**Exercise objective**
Copy every entry verbatim and skip the pictures.

------------------------

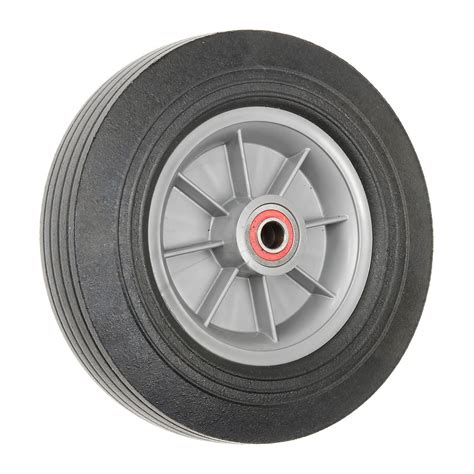 Magliner Hand Truck Replacement Wheels Solid Rubber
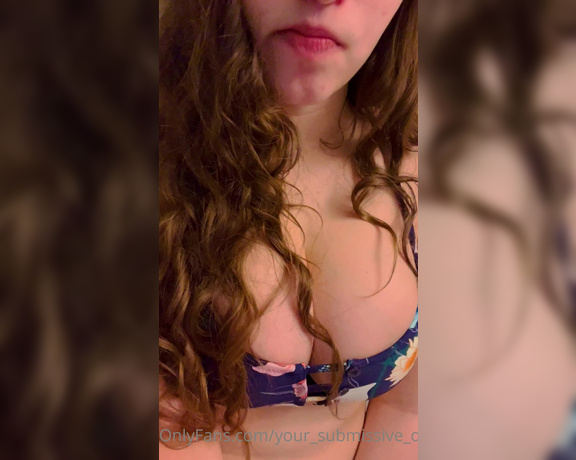 Your_submissive_doll - OnlyFans Video 34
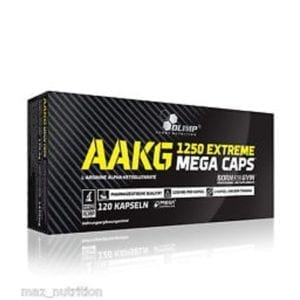 Olimp AAKG Extreme 1250 Mega Caps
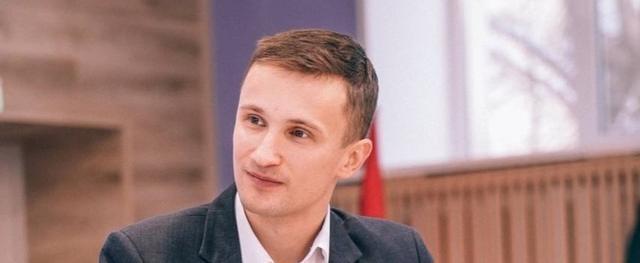 соцсети Виталия Кобыльникова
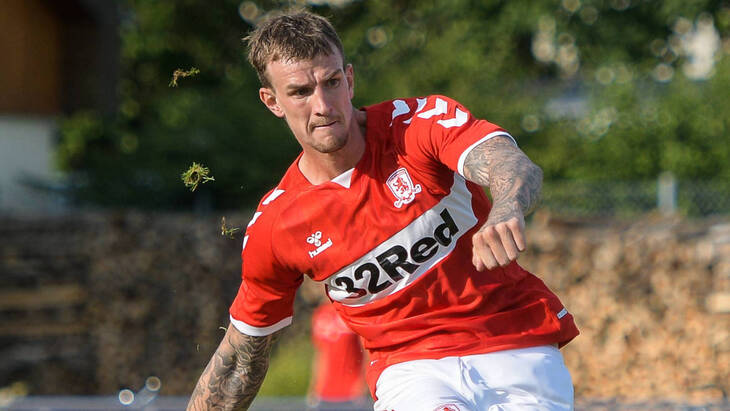 Данкан Уотмор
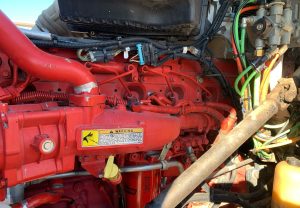 2016 Kenworth T880 - photo 12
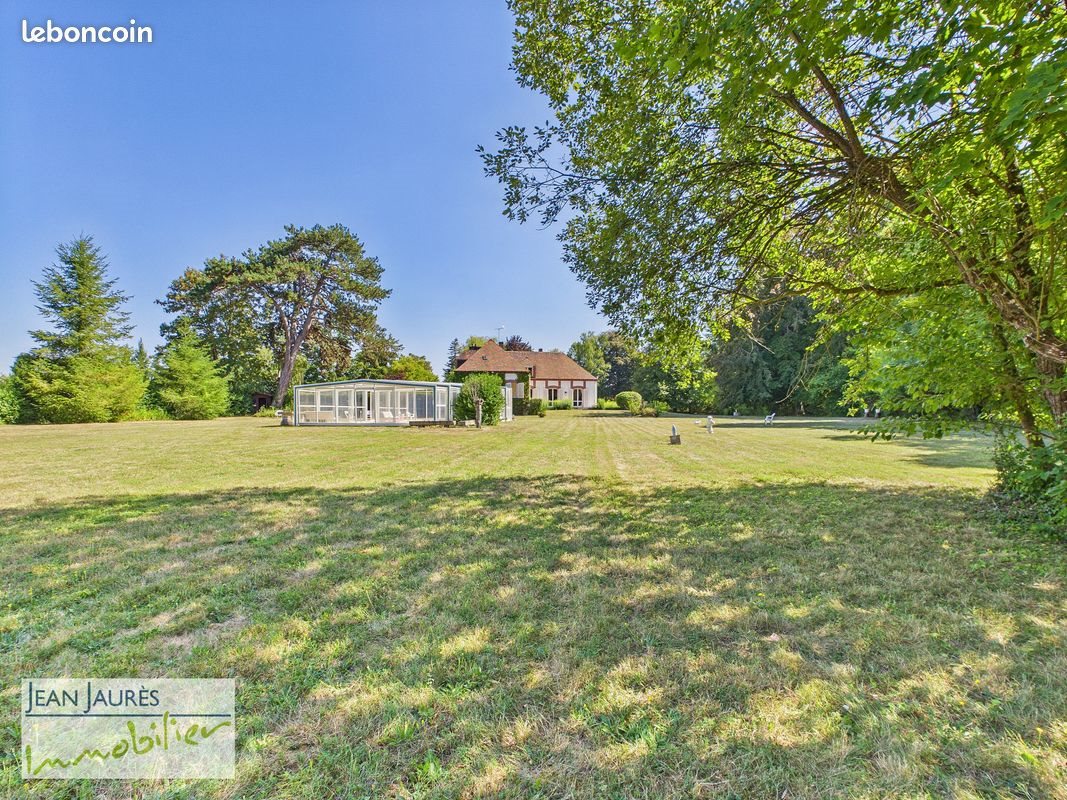 Maison à vendre, 324m², Saint-Germain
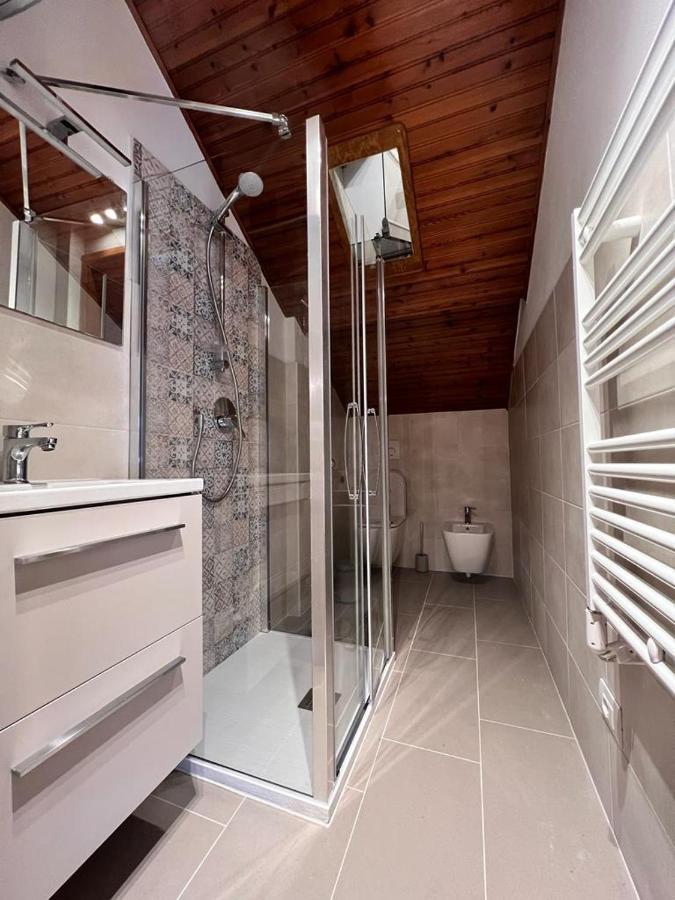 Apartament Castagneto 8 Rapallo Zewnętrze zdjęcie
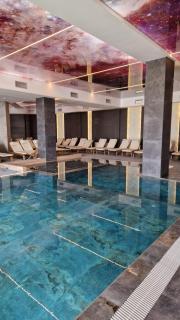 Residence Hill - Apartman B112A - 7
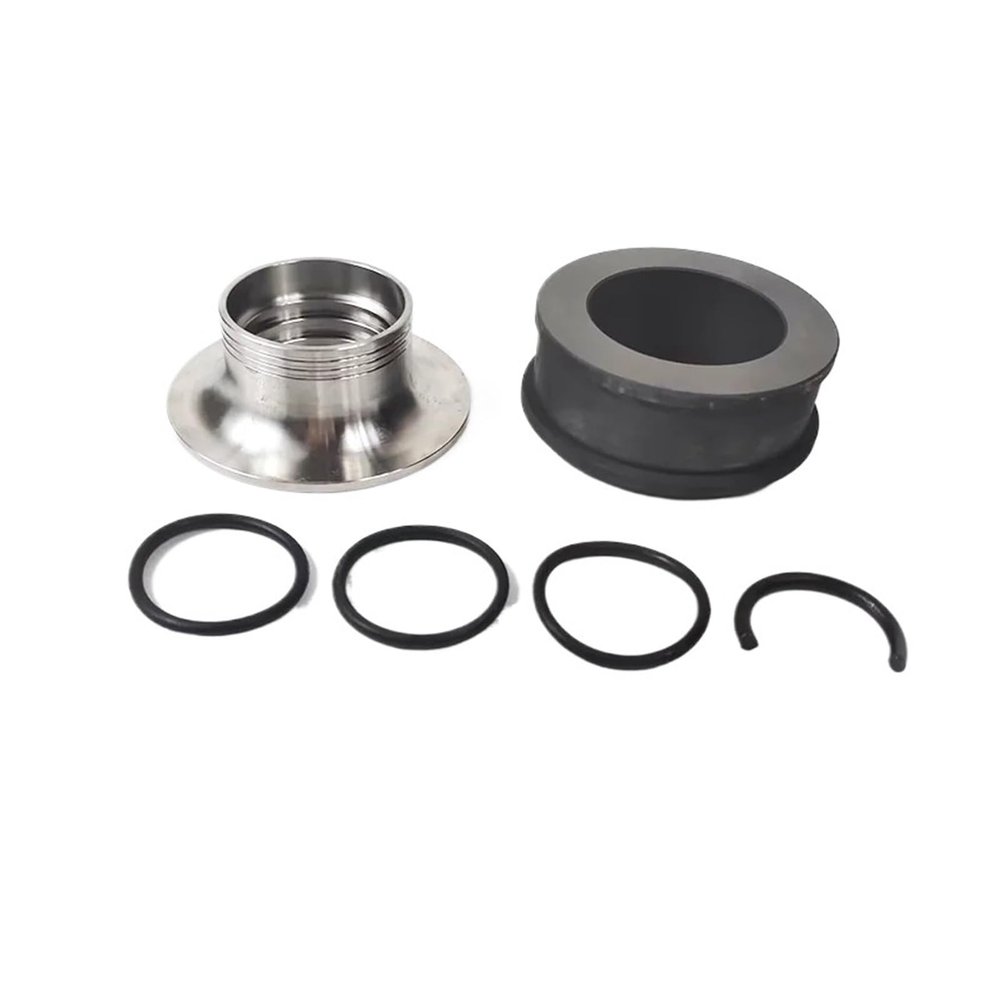 YSzLDH for BRP Sea- doo Rotary Ring Carbon Ring Kit C-Clip OEM271002162 295501206 RXP X RXP RS 300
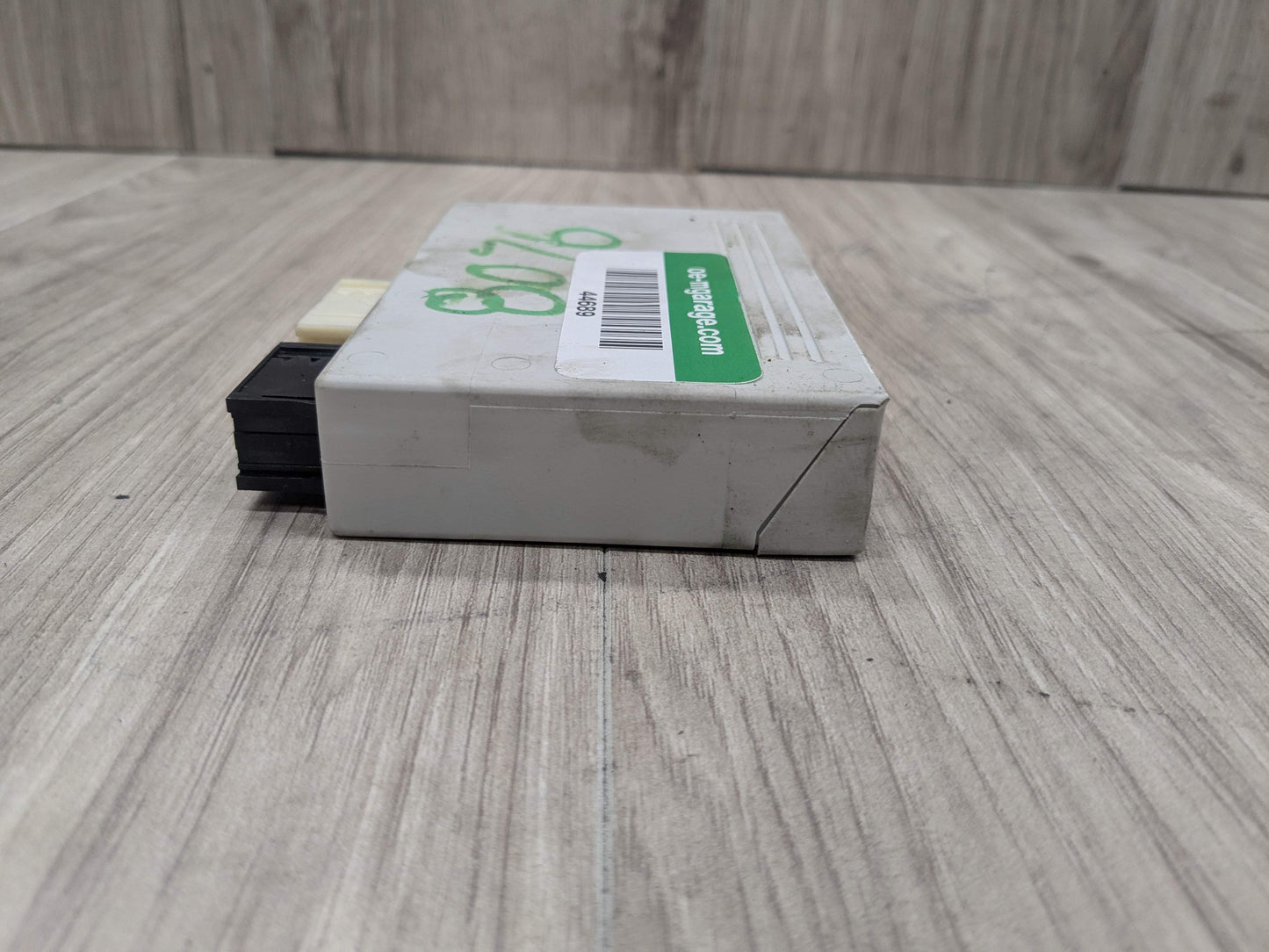 06-13 OEM BMW E82 E90 E92 135 335 M3 Parking Distance Control Module Unit PDC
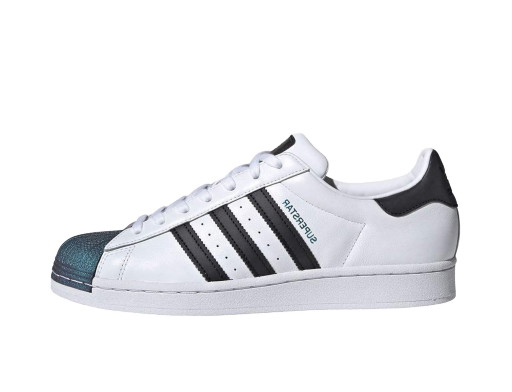 Sneakerek és cipők adidas Originals Superstar Xeno Shell Toe White Fehér | FW6387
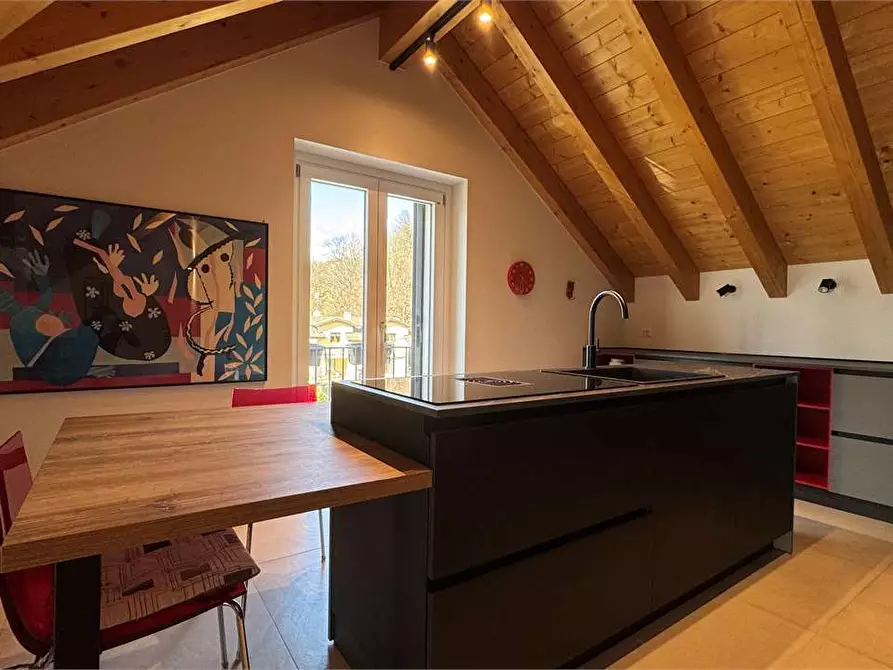 Immagine 30 di Casa indipendente in vendita  in Frazione Merro 1A a Masera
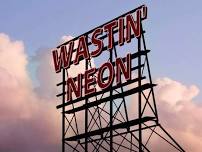 Wastin' Neon comes to the Paulding County Fair!!!!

------------------------

**Answer box**
 Magliner Hand Truck Replacement Wheels Solid Rubber
 Your_submissive_doll - OnlyFans Video 34
 Olimp AAKG Extreme 1250 Mega Caps
 соцсети Виталия Кобыльникова
 Данкан Уотмор
 2016 Kenworth T880 - photo 12
 Maison à vendre, 324m², Saint-Germain
 Apartament Castagneto 8 Rapallo Zewnętrze zdjęcie
 Residence Hill - Apartman B112A - 7
 YSzLDH for BRP Sea- doo Rotary Ring Carbon Ring Kit C-Clip OEM271002162 295501206 RXP X RXP RS 300
 06-13 OEM BMW E82 E90 E92 135 335 M3 Parking Distance Control Module Unit PDC
 Sneakerek és cipők adidas Originals Superstar Xeno Shell Toe White Fehér | FW6387
 Immagine 30 di Casa indipendente in vendita  in Frazione Merro 1A a Masera
 Wastin' Neon comes to the Paulding County Fair!!!!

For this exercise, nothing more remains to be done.